# Transcribe Audio File

## How to Configure the Transcription Step

When configuring a Transcription Step, there are two main pieces to consider:

1. Selecting the best transcription model for your use-case
2. How to pass your audio file to AirOps

Once you're ready to get started, you can click the "Configure" button of your Transcription Step to set these values.

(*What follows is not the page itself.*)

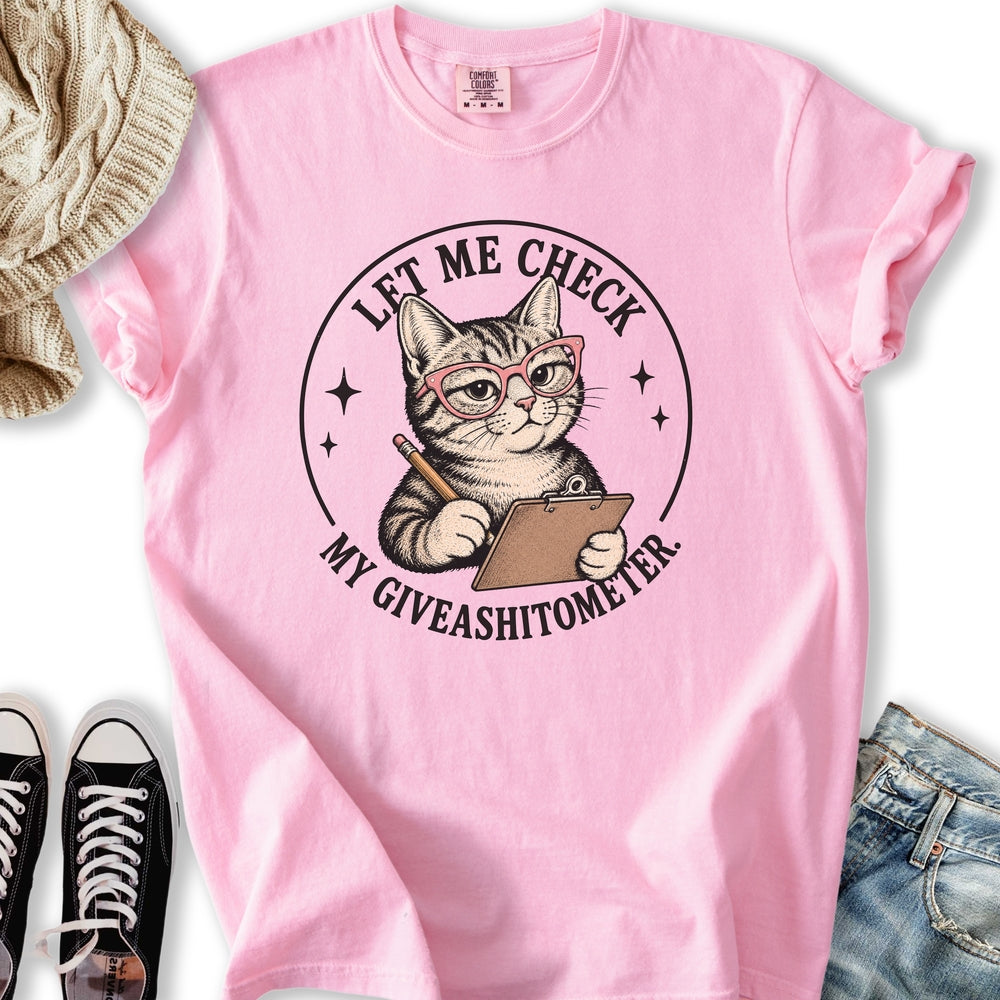 Giveashitometer Cat T-Shirt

{% @arcade/embed url="<https://app.arcade.software/share/zw6zMG4DZf8rLDhjlrPC>" flowId="zw6zMG4DZf8rLDhjlrPC" %}

### **Transcription Model**

AirOps offers 5 transcription models at this time:

* [**Deepgram Whisper Large**](https://deepgram.com/learn/improved-whisper-api)**:** fast, reliable transcription that includes built-in diarization (speaker identification). With the ability to auto detect language or set the language [code](https://developers.deepgram.com/docs/languages-overview)
* [**Deepgram Nova**](https://deepgram.com/learn/nova-speech-to-text-whisper-api)**:** the fastest model to-date
* [**Deepgram Nova 2**](https://deepgram.com/learn/nova-2-speech-to-text-api)**:** provides the best overall value
* [**Deepgram Enhanced**](https://deepgram.com/changelog/introducing-new-enhanced-model)**:** higher accuracy and better word recognition. With the ability to auto detect language or set the language [code](https://developers.deepgram.com/docs/languages-overview)
* [**AssemblyAI**](https://www.assemblyai.com/blog/conformer-2/)**:** With the ability to select the number of speakers expected in a transcript, AssemblyAI is an excellent choice for diarization

{% hint style="warning" %}
Keep in mind: Deepgram has a **2GB** file size limit and AssemblyAI has a **5GB** file size limit
{% endhint %}

### Adding Your File into AirOps

There are currently two methods for passing your audio or video files into AirOps.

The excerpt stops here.